Wednesday, April 20, 2011

Who says beer packaging is meaningless?

At first I thought this was another goofy college kid beer experiment: "The color of safety: Ingroup-associated colors make beer safer." American brewers have been making 'fan-cans', which are beercan colour schemes based on university sport team colours. This has really ticked off some people, forcing Anheuser-Busch to stop marketing them in certain markets.

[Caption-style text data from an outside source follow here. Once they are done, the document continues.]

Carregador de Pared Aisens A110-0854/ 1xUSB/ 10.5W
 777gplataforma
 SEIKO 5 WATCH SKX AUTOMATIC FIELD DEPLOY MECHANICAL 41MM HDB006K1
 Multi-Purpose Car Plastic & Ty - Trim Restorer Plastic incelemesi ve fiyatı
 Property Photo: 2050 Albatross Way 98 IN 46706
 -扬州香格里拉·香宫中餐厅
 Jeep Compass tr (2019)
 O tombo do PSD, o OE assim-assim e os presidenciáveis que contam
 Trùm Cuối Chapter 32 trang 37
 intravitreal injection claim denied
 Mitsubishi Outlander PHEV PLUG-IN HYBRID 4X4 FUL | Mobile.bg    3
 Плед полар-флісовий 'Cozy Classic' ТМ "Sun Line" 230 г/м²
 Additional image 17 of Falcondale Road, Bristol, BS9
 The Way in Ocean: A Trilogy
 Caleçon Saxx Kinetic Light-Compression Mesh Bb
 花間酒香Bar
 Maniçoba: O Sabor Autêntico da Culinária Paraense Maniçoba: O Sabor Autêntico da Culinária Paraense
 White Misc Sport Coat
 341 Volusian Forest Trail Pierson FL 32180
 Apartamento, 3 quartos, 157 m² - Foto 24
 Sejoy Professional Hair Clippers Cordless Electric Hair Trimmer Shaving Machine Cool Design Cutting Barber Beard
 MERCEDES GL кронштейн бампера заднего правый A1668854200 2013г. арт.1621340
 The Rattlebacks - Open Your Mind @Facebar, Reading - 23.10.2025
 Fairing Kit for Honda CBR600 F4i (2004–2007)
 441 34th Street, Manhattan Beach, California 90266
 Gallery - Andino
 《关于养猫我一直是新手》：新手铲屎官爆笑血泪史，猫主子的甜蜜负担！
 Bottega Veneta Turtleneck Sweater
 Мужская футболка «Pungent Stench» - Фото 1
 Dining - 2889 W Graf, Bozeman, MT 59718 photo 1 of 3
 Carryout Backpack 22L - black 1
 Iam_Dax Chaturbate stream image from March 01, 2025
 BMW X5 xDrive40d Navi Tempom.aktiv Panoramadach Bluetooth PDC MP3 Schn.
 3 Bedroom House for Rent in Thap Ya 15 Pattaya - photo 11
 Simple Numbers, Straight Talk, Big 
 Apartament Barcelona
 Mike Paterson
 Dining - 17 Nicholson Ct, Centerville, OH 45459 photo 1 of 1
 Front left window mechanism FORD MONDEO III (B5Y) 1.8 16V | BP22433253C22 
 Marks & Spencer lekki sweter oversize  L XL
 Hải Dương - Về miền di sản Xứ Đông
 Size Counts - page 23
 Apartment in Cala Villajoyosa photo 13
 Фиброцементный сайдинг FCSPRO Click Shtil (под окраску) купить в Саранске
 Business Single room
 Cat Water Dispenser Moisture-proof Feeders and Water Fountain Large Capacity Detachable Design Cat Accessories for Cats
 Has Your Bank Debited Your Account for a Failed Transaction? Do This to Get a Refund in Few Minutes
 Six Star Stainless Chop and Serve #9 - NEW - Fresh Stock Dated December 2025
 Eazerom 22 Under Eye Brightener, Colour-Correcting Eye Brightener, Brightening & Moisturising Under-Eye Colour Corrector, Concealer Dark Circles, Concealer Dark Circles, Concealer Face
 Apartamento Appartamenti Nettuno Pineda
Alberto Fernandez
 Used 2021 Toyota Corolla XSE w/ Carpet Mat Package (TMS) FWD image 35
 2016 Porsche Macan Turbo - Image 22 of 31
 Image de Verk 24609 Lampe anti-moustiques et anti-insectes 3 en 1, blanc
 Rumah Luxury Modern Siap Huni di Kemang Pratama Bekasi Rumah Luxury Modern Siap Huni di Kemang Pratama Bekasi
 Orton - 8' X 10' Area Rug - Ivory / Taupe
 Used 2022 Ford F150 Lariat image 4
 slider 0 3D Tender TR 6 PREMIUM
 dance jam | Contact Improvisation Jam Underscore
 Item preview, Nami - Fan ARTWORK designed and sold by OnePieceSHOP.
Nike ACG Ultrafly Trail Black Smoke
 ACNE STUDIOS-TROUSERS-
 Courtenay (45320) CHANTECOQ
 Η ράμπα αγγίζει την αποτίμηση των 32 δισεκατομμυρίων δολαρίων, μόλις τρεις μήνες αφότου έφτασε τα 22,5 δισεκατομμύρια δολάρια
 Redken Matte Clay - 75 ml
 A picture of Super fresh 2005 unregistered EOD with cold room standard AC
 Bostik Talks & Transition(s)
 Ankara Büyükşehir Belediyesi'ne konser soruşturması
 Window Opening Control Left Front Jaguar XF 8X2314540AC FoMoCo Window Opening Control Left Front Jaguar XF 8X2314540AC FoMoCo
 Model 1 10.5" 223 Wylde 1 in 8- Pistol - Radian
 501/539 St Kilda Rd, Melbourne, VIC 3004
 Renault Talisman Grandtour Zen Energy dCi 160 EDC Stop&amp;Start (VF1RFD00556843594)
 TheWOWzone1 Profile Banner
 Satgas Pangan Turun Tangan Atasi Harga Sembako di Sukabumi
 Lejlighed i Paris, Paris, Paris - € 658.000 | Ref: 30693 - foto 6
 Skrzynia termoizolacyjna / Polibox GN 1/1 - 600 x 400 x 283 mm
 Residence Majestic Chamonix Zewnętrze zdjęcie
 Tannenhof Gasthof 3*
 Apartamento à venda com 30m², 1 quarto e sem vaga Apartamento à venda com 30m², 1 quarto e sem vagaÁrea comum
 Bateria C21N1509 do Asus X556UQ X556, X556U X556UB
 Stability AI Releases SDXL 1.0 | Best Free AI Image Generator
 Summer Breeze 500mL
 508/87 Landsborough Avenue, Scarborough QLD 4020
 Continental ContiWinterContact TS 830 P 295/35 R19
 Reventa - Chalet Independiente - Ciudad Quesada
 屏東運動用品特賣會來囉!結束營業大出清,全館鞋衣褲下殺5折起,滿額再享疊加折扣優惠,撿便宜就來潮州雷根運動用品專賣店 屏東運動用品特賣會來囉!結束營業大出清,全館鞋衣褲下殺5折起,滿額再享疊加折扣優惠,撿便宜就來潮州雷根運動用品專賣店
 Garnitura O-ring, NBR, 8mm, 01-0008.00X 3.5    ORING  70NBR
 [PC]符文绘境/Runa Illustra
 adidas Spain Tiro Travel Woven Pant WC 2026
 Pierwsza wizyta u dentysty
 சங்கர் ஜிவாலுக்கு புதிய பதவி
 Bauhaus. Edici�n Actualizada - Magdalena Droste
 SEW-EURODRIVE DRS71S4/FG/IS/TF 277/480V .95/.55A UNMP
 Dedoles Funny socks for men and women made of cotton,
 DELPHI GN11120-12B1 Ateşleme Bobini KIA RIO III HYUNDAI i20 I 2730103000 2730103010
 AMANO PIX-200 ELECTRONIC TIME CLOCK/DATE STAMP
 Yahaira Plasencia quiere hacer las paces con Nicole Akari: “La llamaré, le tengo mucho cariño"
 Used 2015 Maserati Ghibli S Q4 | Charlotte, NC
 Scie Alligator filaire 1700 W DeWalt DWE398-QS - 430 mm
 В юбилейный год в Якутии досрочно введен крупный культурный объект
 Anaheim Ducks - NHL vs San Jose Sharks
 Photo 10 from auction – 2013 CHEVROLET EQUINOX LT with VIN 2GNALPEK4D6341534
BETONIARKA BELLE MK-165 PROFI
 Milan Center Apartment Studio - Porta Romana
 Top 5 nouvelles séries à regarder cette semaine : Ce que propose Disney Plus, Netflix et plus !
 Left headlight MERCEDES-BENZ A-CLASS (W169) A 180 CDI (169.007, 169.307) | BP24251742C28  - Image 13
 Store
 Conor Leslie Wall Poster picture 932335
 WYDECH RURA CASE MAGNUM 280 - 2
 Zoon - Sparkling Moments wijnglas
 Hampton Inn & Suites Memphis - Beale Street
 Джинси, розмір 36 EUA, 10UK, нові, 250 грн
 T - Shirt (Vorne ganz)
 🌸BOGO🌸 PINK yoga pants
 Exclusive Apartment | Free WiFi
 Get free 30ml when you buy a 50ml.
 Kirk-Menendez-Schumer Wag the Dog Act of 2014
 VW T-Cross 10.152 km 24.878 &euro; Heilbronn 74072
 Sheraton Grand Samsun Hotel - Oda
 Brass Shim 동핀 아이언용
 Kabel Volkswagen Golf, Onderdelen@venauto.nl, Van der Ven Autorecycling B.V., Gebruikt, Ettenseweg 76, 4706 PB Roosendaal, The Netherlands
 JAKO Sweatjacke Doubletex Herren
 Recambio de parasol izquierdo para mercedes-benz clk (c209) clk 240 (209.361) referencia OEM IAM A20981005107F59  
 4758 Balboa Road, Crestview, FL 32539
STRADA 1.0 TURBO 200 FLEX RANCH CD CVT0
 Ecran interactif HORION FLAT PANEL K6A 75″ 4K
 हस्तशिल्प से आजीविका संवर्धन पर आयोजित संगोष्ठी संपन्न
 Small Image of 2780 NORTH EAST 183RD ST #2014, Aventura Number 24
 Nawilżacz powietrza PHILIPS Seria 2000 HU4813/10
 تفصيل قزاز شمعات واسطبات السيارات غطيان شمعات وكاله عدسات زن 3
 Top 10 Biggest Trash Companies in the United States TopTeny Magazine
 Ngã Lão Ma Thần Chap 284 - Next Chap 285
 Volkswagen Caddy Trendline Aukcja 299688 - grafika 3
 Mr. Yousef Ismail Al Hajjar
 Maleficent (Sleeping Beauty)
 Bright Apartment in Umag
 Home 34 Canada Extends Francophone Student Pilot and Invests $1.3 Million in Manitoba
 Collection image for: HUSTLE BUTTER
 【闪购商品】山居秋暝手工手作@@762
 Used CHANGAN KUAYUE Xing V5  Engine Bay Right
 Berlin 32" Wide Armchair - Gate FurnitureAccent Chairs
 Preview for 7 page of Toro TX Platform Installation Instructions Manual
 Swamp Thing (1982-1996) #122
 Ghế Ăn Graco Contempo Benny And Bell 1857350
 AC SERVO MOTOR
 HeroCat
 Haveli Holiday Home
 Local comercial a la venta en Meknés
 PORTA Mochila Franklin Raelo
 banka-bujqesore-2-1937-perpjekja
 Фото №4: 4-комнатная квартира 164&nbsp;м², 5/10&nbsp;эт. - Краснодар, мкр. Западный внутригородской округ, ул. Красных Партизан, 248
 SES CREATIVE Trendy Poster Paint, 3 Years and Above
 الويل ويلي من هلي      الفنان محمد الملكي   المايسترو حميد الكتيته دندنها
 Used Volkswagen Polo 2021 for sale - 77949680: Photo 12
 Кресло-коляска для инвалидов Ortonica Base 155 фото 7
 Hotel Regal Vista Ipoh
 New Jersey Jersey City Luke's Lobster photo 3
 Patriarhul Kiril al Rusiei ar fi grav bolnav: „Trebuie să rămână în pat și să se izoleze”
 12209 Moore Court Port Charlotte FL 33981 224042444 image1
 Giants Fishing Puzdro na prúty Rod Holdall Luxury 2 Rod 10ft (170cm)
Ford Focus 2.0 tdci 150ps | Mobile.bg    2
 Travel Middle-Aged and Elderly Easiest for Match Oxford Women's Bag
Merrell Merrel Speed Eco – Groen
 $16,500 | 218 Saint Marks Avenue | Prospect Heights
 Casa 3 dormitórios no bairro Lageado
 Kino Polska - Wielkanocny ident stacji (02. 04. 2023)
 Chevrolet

Would you drink more because your beer can has your team's colours? This would never work, right? Think again. According to recent research from the University of Missouri, Department of Psychological Sciences, beer packaging can influence drinking habits. College kids were shown images of fan-cans or regular beer cans then asked questions about the safety of beer consumption. This part is scary: after viewing the fan-cans, participants thought beer drinking was less dangerous than when they viewed the plain can. There was a little more to the experiment that this, but I am leaving out the boring details. Other findings were even scarier. They had the students read a public service announcement (PSA) about the hazards of college parties. The authors reported,
"It is both interesting and somewhat disturbing that individuals exposed to the fan can found local parties less dangerous, an effect that may actually prevent them from adopting the harm-reduction drinking practices recommended in the PSA they read."

This does make sense. We normally believe members of a similar social group to be safer. This experiment demonstrated that a product's presentation can influence its perceived safety. A troublesome finding considering the staggering negative effects of underage drinking on university campuses.